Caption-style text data

■ ■ ■ ■ ■ ■ ■

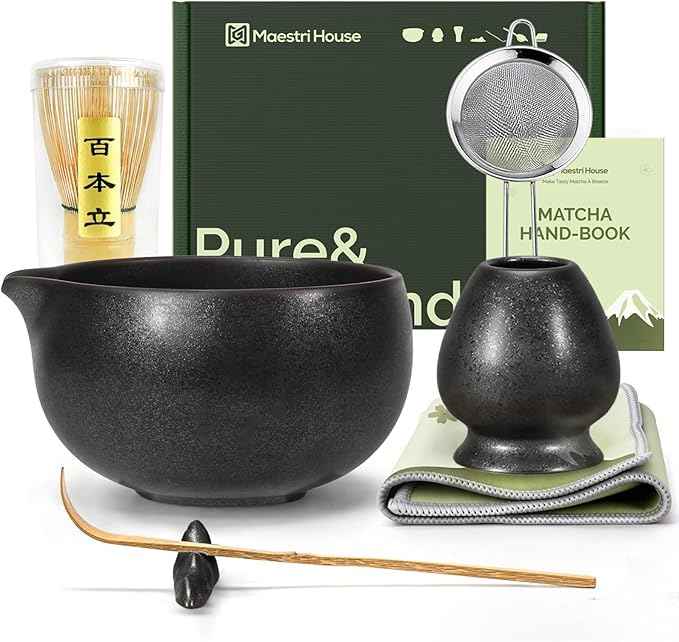 Maestri House Matcha Whisk Set, 7-Pc Complete Matcha Kit with Spouted Ceramic Bowl, Bamboo Whisk and Holder, Scoop, Spoon Rest & Sifter, Tea Cloth – Ideal Gift for Matcha Lovers (Black Stone)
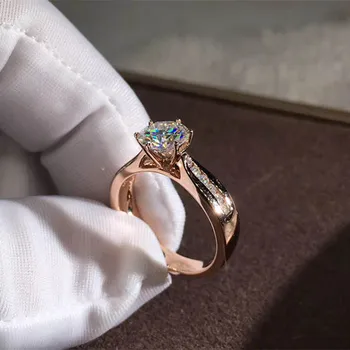 Prabanga Moterų Ponios Kristalų Solitaire Žiedas Cute Rožinė Aukso Spalvos Vestuvinis Žiedas Žada Sužadėtuvių Žiedai Moterims
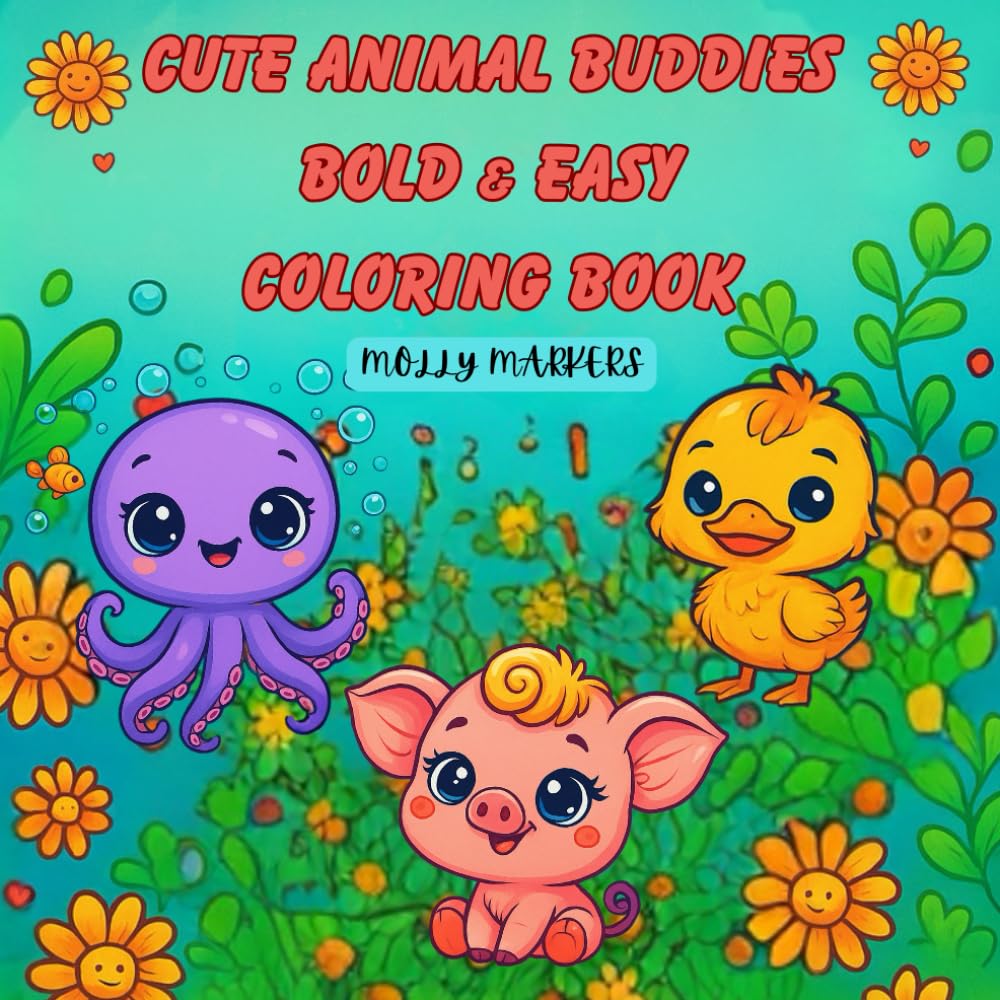 Cute Animals Buddies: Bold & Easy Coloring Book
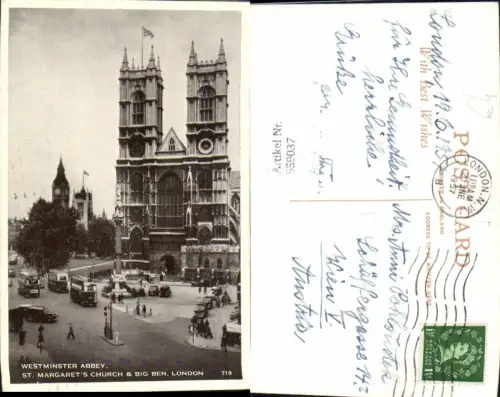 559037,England London Westminster Abbey St Margarets Church and Big Ben Bus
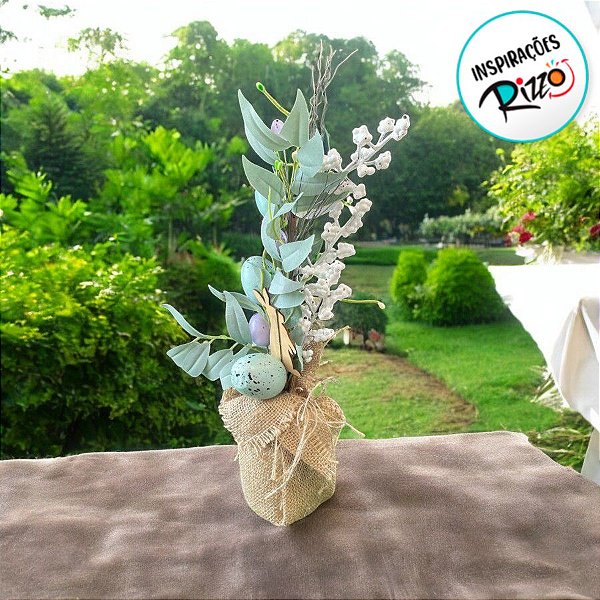 Mini Arvore decorativa de Páscoa com Ovos - 39cm - 1 unidade - Rizzo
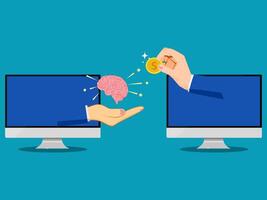 dois mãos estão segurando uma moeda e uma cérebro em uma computador tela vetor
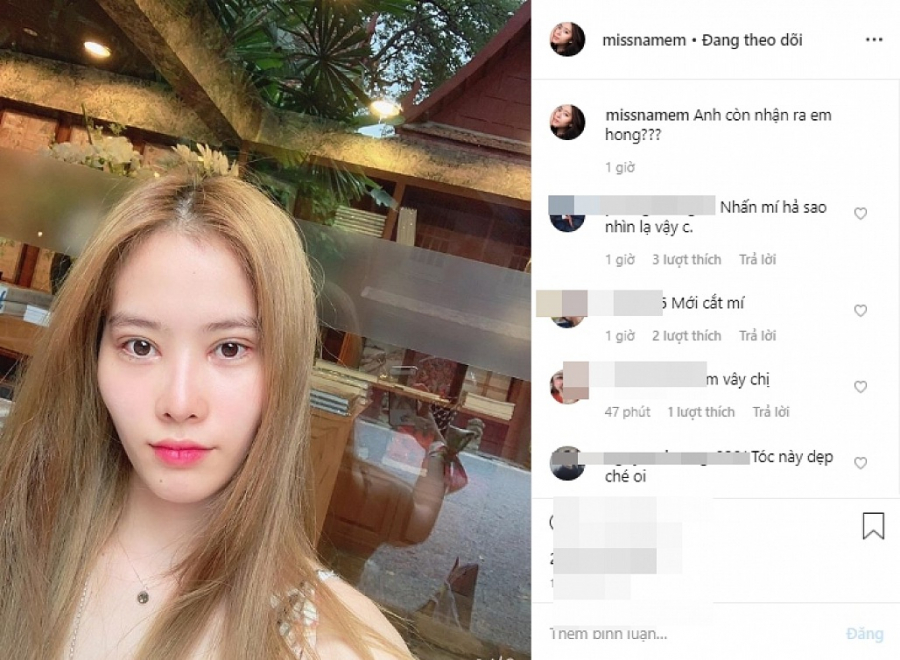 Nam Em khoe hình ảnh mới trên Instagram và nhận được rất nhiều ý kiến bình luận.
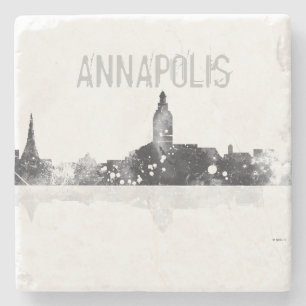 Porta-copo De Pedra SKYLINE de ANNAPOLIS MARYLAND - a pedra bebe a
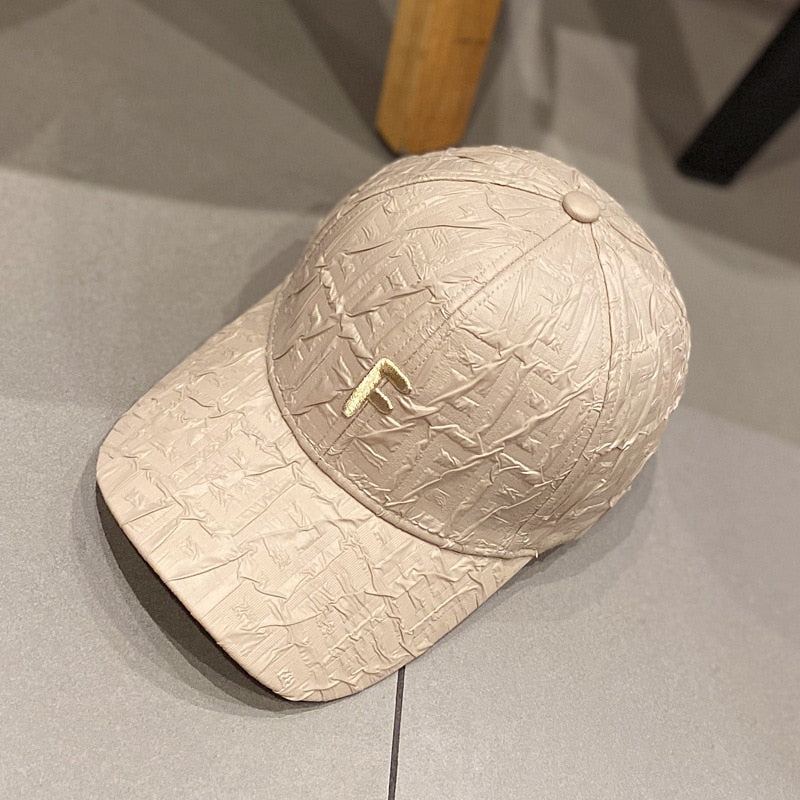 Women Men Embroidered Letter Pleated Baseball Cap - Sabreeonline
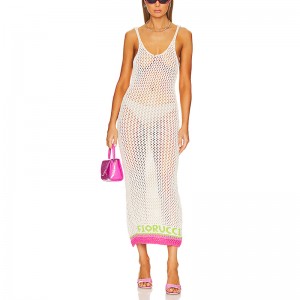 SS230724 Cotton Crochet Mesh V neck long dress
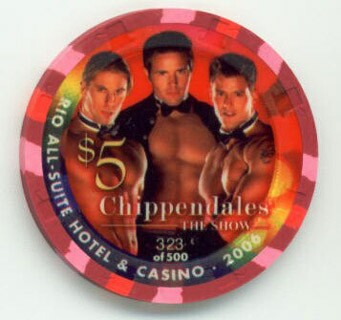 Rio Hotel Chippendales The Show 2006 $5 Casino Chip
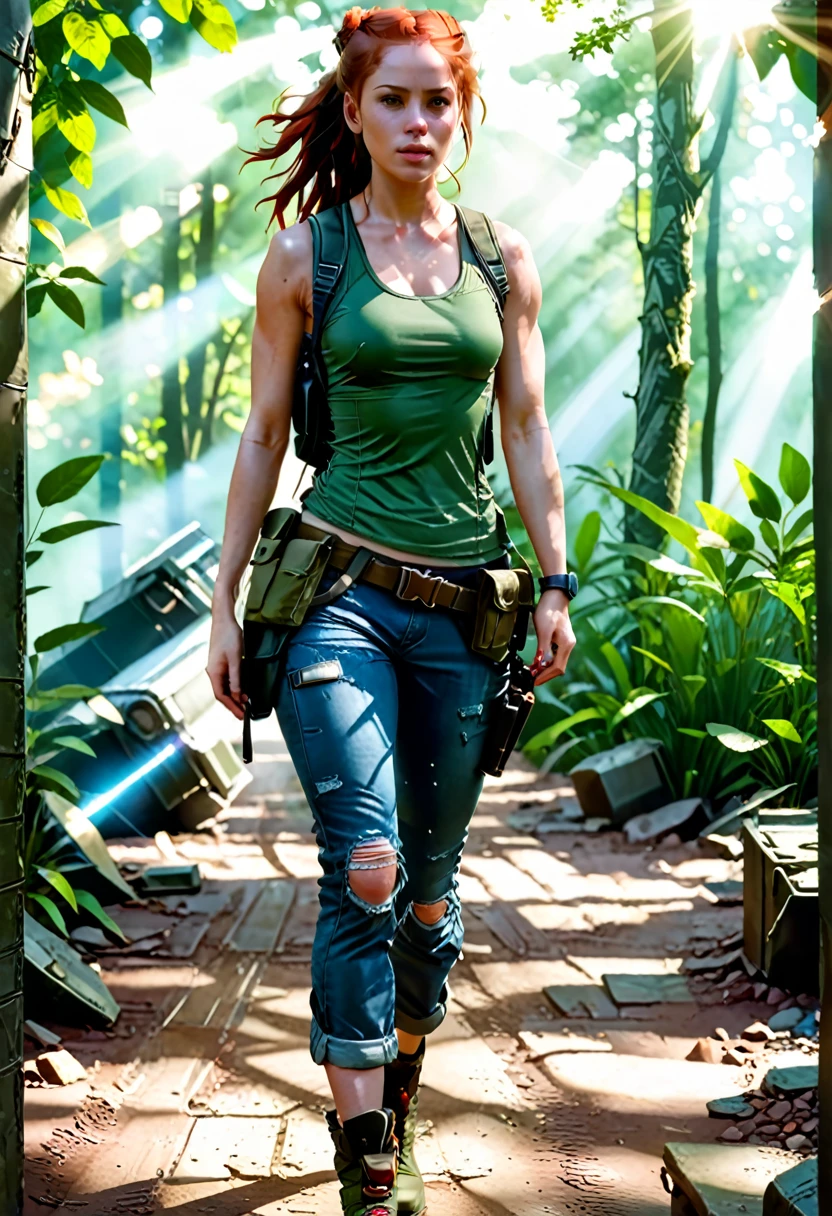 8k resolution, depth of field, lens flare, photorealistic,((best quality)), (((intricate details))), highly detailed, (((cinematic effect))), looking at viewer,A young red-haired woman usually dressed in a tank top, often olive green or black, tight-fitting and sleeveless, allowing freedom of movement. She wears shorts or cargo pants, usually khaki or dark green in color, with several pockets to store her equipment. His outfit includes a utility belt with a buckle, pistols in a holster on each side, and additional pouches for ammo and tools. She wears sturdy combat boots that provide ankle support and grip for climbing and running. Lara also wears fingerless gloves, a watch, and a backpack to carry larger items. Her hair is usually tied into a practical ponytail or braid. , emphasizing his desire for adventure in the Amazon forest,no anatomical defects, fine details, dynamic lighting, high quality.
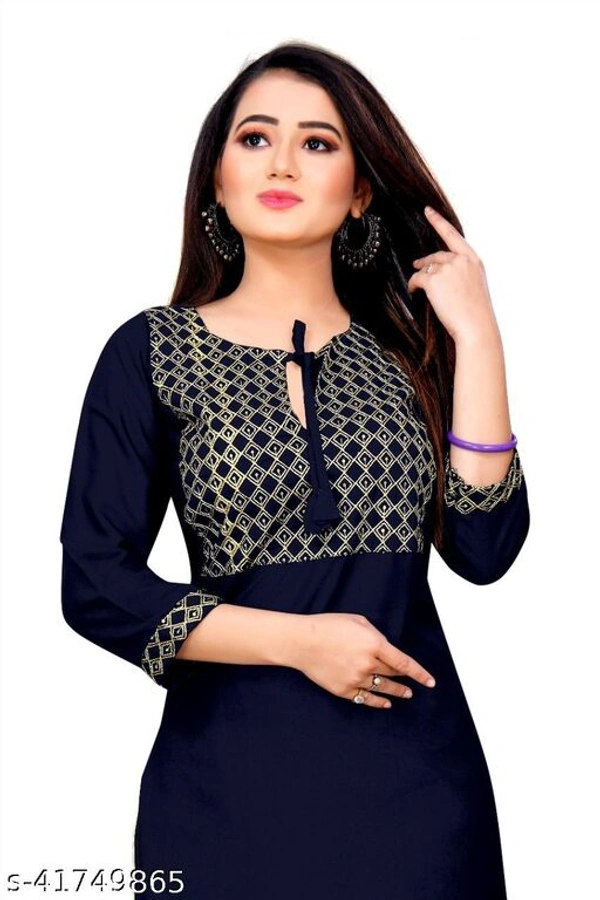 Stylish Yellow Embroidered Rayon Only Kurti(M) - Red, XXL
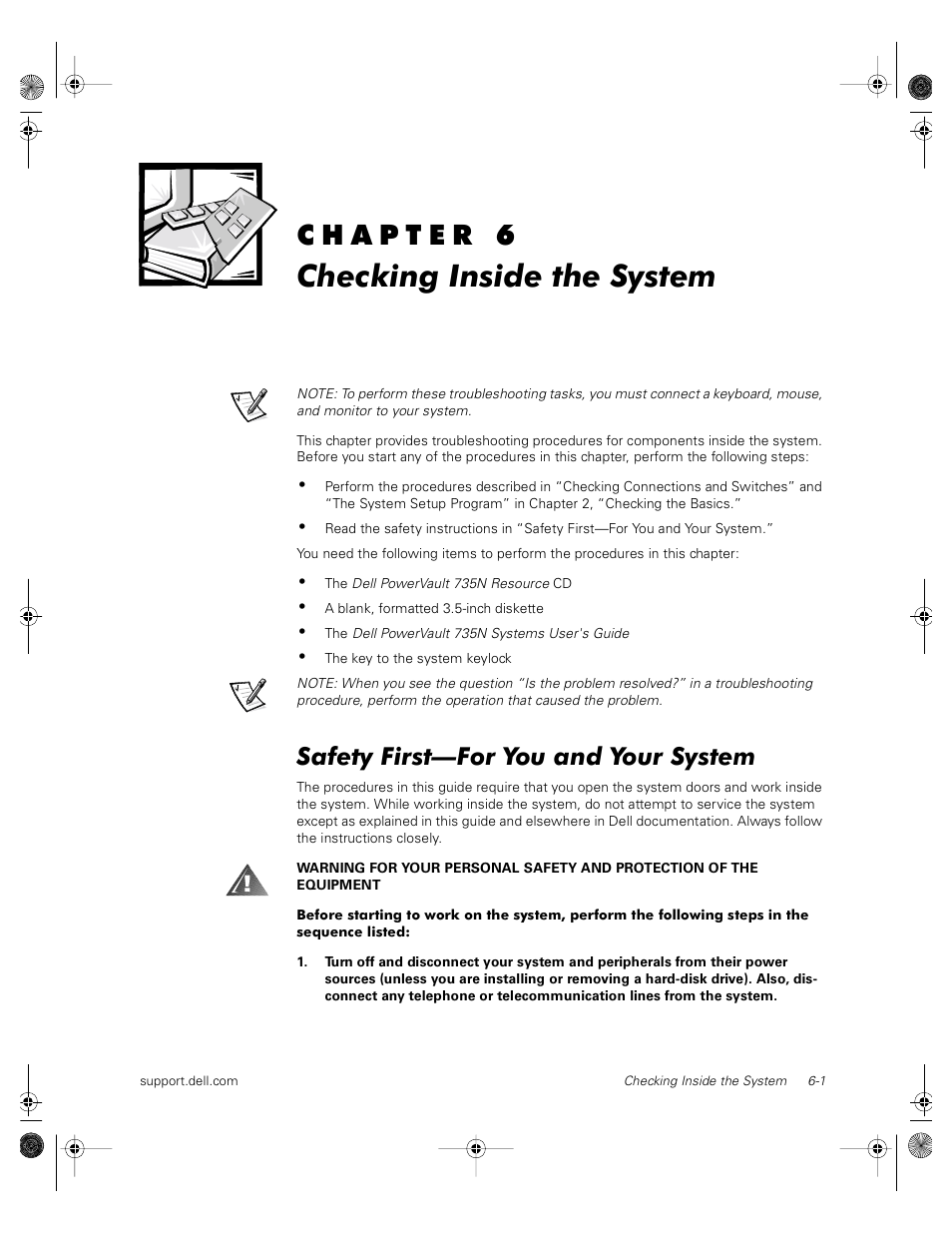 87mpgbk0.book(87mpgc60.fm), Checking inside the system, Safety first—for you and your system | Chapter 6, Checking inside the system -1, Safety first—for you and your system -1, Opening the system doors -2, Removing the optional front bezel -3, Removing and replacing the expansion-card cage -4, Inside the chassis -5 | Dell PowerVault 735N (Rackmount NAS Appliance) User Manual | Page 47 / 118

■ ■ ■ ■ ■ ■ ■

Activity. Although the records contain pictures, restate them word for word with those pictures left out.

Output.
 Maestri House Matcha Whisk Set, 7-Pc Complete Matcha Kit with Spouted Ceramic Bowl, Bamboo Whisk and Holder, Scoop, Spoon Rest & Sifter, Tea Cloth – Ideal Gift for Matcha Lovers (Black Stone)
 Prabanga Moterų Ponios Kristalų Solitaire Žiedas Cute Rožinė Aukso Spalvos Vestuvinis Žiedas Žada Sužadėtuvių Žiedai Moterims
 Cute Animals Buddies: Bold & Easy Coloring Book
 559037,England London Westminster Abbey St Margarets Church and Big Ben Bus
 Mini Arvore decorativa de Páscoa com Ovos - 39cm - 1 unidade - Rizzo
 dois mãos estão segurando uma moeda e uma cérebro em uma computador tela vetor
 Nam Em khoe hình ảnh mới trên Instagram và nhận được rất nhiều ý kiến bình luận.
 Porta-copo De Pedra SKYLINE de ANNAPOLIS MARYLAND - a pedra bebe a
 Women Men Embroidered Letter Pleated Baseball Cap - Sabreeonline
 SS230724 Cotton Crochet Mesh V neck long dress
 Rio Hotel Chippendales The Show 2006 $5 Casino Chip
 8k resolution, depth of field, lens flare, photorealistic,((best quality)), (((intricate details))), highly detailed, (((cinematic effect))), looking at viewer,A young red-haired woman usually dressed in a tank top, often olive green or black, tight-fitting and sleeveless, allowing freedom of movement. She wears shorts or cargo pants, usually khaki or dark green in color, with several pockets to store her equipment. His outfit includes a utility belt with a buckle, pistols in a holster on each side, and additional pouches for ammo and tools. She wears sturdy combat boots that provide ankle support and grip for climbing and running. Lara also wears fingerless gloves, a watch, and a backpack to carry larger items. Her hair is usually tied into a practical ponytail or braid. , emphasizing his desire for adventure in the Amazon forest,no anatomical defects, fine details, dynamic lighting, high quality.
 Stylish Yellow Embroidered Rayon Only Kurti(M) - Red, XXL
 87mpgbk0.book(87mpgc60.fm), Checking inside the system, Safety first—for you and your system | Chapter 6, Checking inside the system -1, Safety first—for you and your system -1, Opening the system doors -2, Removing the optional front bezel -3, Removing and replacing the expansion-card cage -4, Inside the chassis -5 | Dell PowerVault 735N (Rackmount NAS Appliance) User Manual | Page 47 / 118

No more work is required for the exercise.